Tam da bu noktada pek çok kilisenin belki de unutmuş olduğu Mezmurlar kitabı, Kutsal Kitap’ın ilahi kitabı yardımımıza yetişir. ‘Lütfet bana, ya Rab’ der altıncı Mezmur, ‘bitkinim; şifa ver bana, ya RAB, kemiklerim sızlıyor.’ 10.Mezmur açık açık ‘Ya RAB, neden uzak duruyorsun, sıkıntılı günlerde kendini gizliyorsun?’ diye sorar. Böyle de devam eder mezmurlar, ‘Ne zamana dek? Sonsuza dek mi beni unutacaksın?’ (Mez.13). 22. Mezmur ise İsa’nın çarmıhtaki eleminde alıntı yaptığı bir mezmur olduğu için bir o kadar can alıcıdır, ‘Tanrım, Tanrım, beni neden terk ettin?’

Evet bu şiirler genellikle sonlarına doğru biraz ferahlar, Tanrı’nın varlığına ve umuda dair sözlerle biter, acının sebebini açıklamasalar da bir tür teskinle biterler.
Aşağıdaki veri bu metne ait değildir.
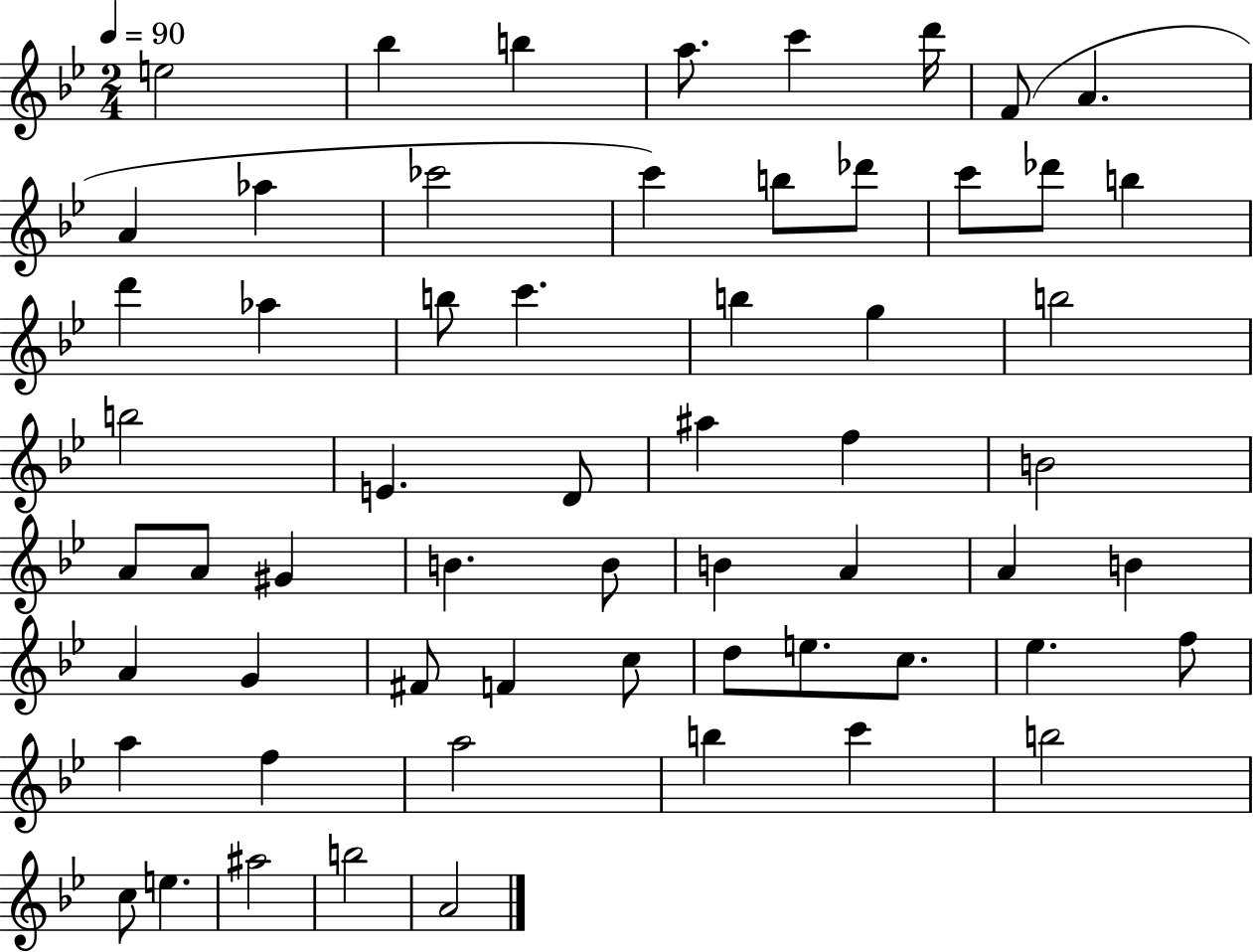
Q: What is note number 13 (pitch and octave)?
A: B5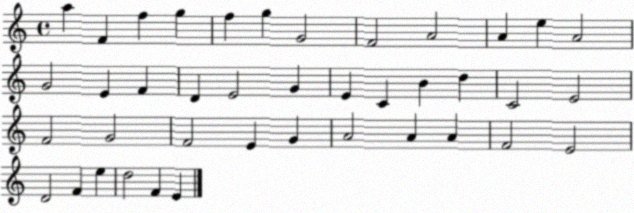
X:1
T:Untitled
M:4/4
L:1/4
K:C
a F f g f g G2 F2 A2 A e A2 G2 E F D E2 G E C B d C2 E2 F2 G2 F2 E G A2 A A F2 E2 D2 F e d2 F E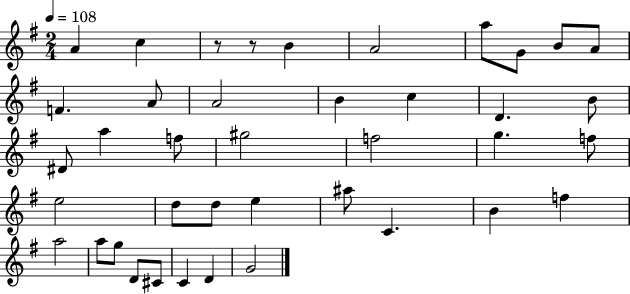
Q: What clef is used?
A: treble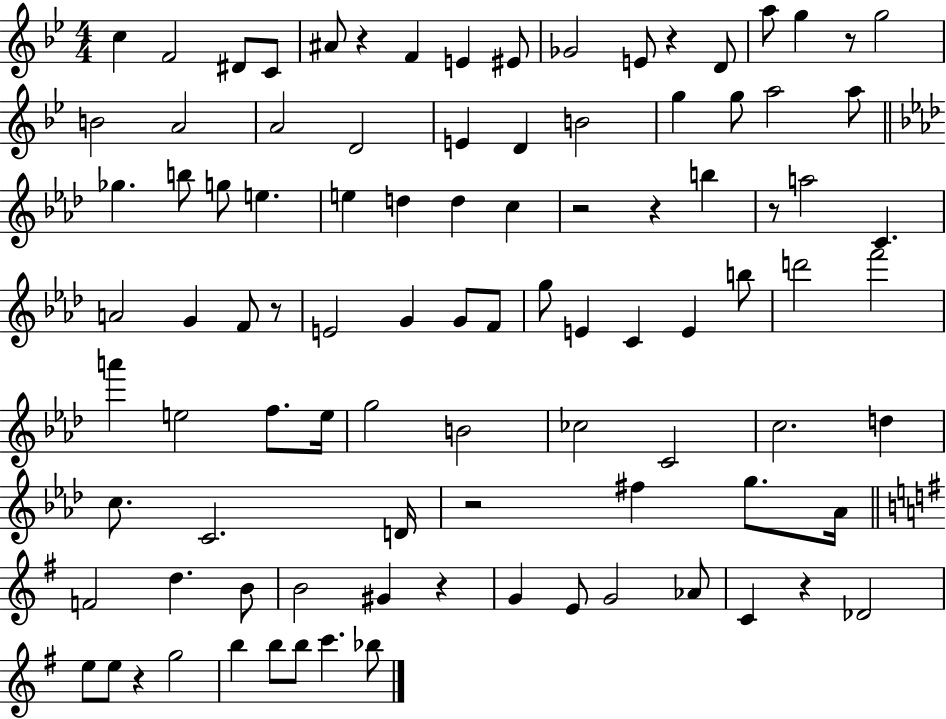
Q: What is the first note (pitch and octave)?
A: C5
Fakat bazen de diğer yöne giderler. Mesela 89. Mezmur Tanrı’nın vaatlerini ve iyiliğini kutlayarak başlar sonra birdenbire her şeyin ters gittiğini anlatmaya başlar. 88. Mezmur ise sefalet içinde başlar ve karanlıkla biter: ‘Eşi dostu benden uzaklaştırdın, tek dostum karanlık kaldı.’ Kendi kendimizi izole ettiğimiz bu günler için yerinde bir söz.

Kutsal Kitap geleneğinin bu denli içine örülmüş bu ağıtların amacı sadece öfkemizin, acımızın, yalnızlığımızın ve olan bitene anlam verememizin bir ifadesi olmak değildir. Kutsal Kitap öyküsünün gizemi Tanrı’nın da ağıt yaktığı gerçeğidir. Bazı Hristiyanlar Tanrı’nın bu tür şeyleri aştığını düşünmeyi yeğler; O her şeyi bilendir, her şey O’nun kontrolündedir; dünyada olup bitenlerden etkilenmez, sakindir. Ama Kutsal Kitap’ta gördüğümüz resim böyle değildir.

Yaratılış kitabı,Tanrı’nın, yaratmış olduğu insanların şiddet dolu kötülüğü karşısında yas tuttuğunu anlatır. Kendi gelini olan İsrail halkı O’na sırtını döndüğünde Tanrı’nın kalbinin kırıldığını anlatır. Daha sonra da Tanrı bir insan olarak halkına yeniden geldiğinde-ki İsa’nın öyküsünü başka şekilde anlamaya çalışmak anlamsızdır-arkadaşının mezarı başında göz yaşları döker. Elçi Pavlus Kutsal Ruh’un içimizde ‘inlediğinden’ ve bizim de tüm yaratılışla birlikte inlediğimizden bahseder. Kadim Üçlü Birlik öğretisi bize İsa’nın gözyaşlarında ve Ruh’un inleyişinde Bir olan Tanrı’yı tanımayı öğretir.

Dolayısıyla Hristiyanlığın görevinin hiçbir yerinde neyin neden olduğunu açıklama işi yoktur. Hatta Hristiyanlığın görevinin bir parçası açıklayamamak, bunu yerine ağıt yakmaktır. İçimizdeki Ruh ağıt yaktıkça, kendimizi izole etmiş olan bizler de Tanrı’nın varlığının ve sevgisinin barınabileceği kutsal yerler haline geliriz. Bu noktadan da yeni olasılıklar, yeni iyilik eylemleri, yeni bilimsel anlayışlar, yeni umutlar ortaya çıkabilir. Belki de yöneticilerimiz için yeni bir bilgelik ortaya çıkabilir. Acaba bunu hiç düşündük mü?